Yahoo vets back Tomfoolery to put some pizzazz in enterprise software

Some key members of the Yahoo mafia are backing a new enterprise software startup with the very unenterprise-y name of Tomfoolery.  The company’s goal  is to make boring enterprise apps as mobile and easy to use as the best of consumer apps, co-founder Kakul Srivistava told me

tomfoolerypageSrivistava was GM of Flickr, Yahoo’s photo sharing service. Her co-founder Sol Lipman was VP of mobile for AOL and founder of Rally Up, 12seconds tv and Sticky Inc. Now their venture has $ 1.7 million in seed funding from former Yahoo’ers Jerry Yang and Brad Garlinghouse, as well as Ash Patel of Morado Venture Partners, Sam Pullara of Sutter Hill Ventures, David Tisch of Tech Stars NY and Andreessen Horowitz.

Mobile first

The company has a mobile-first plan because most people now pretty much live in and through their small devices, she said. “You can do video conferences, chat, text all on your mobile,” she said. The first app, for iOS, is due in the first quarter.
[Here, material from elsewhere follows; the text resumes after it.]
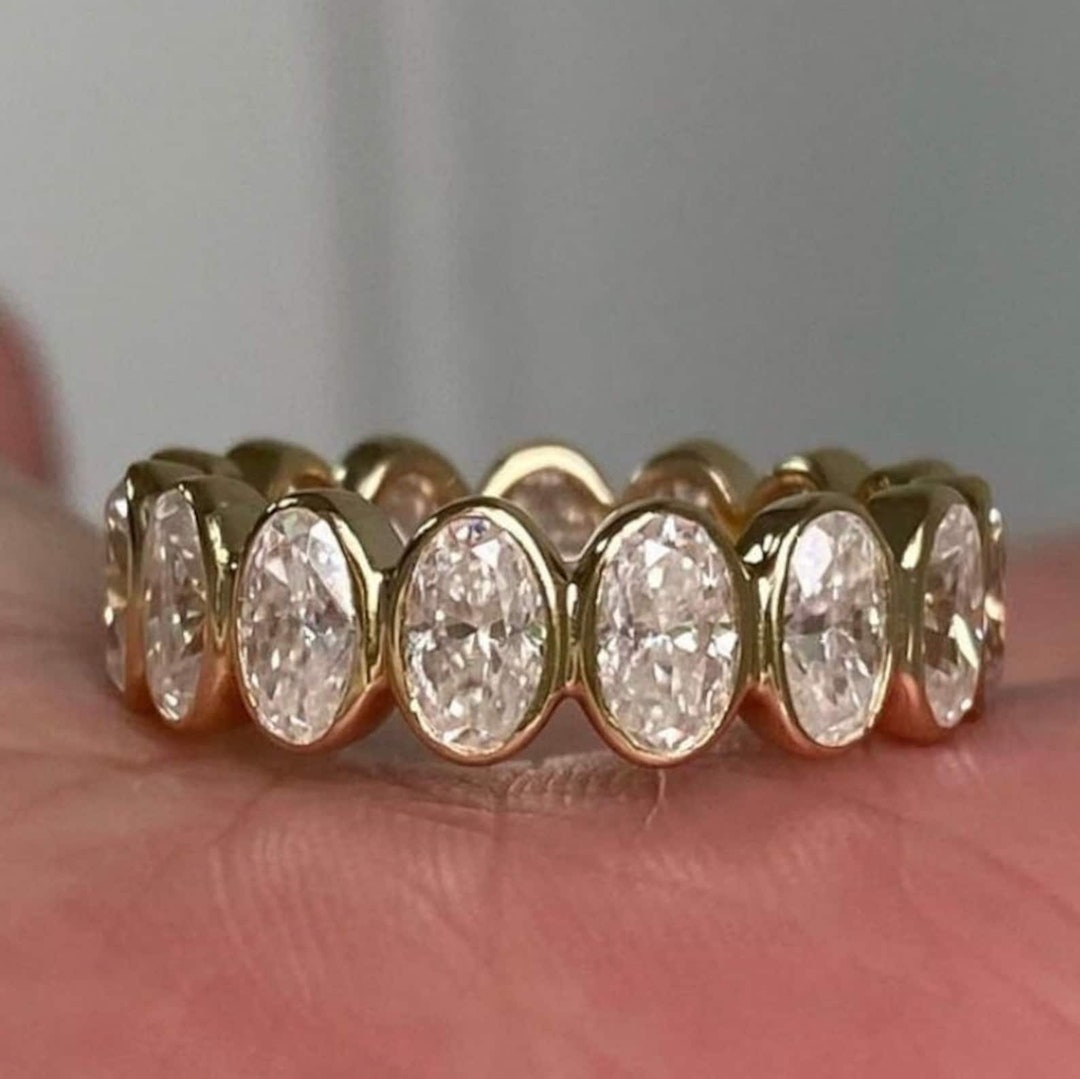 14k Yellow Gold Oval Cut Moissanite Wedding Band , Bezel Oval Ring ...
The company will add Android support later.

“There’s growing pain and frustration at the gap between the great tools we have at home and those at work — email and IM — which are 30 years old,” she said.  ”We want lightweight interactions within the culture of the team … IBM and Microsoft are still the leaders in enterprise applications and they’re not who you think about when you think about innovative, social experiences– there’s room for improvement.”

Taking on the dinosaurs

Of course pundits have long predicted the demise of email which, despite complaints, is still going strong. “No one will replace email but it’s an incomplete tool because it’s so prevalent although people use it in a way it’ s not designed for.”

Of course, the incumbents are not waiting for startups to pass them by. Microsoft bought Yammer, to bring Twitter-like functionality into the office. Salesforce.com’s Chatter attacks the same problem and this week IBM talked up  Connections which draws on the social networking meme.  I agree with Srivistava, however, that for many workers, especially the younger smartphone-wielding generation, have little patience for the monolithic desktop applications their predecessors used. Mobile first is a valid strategy for that audience.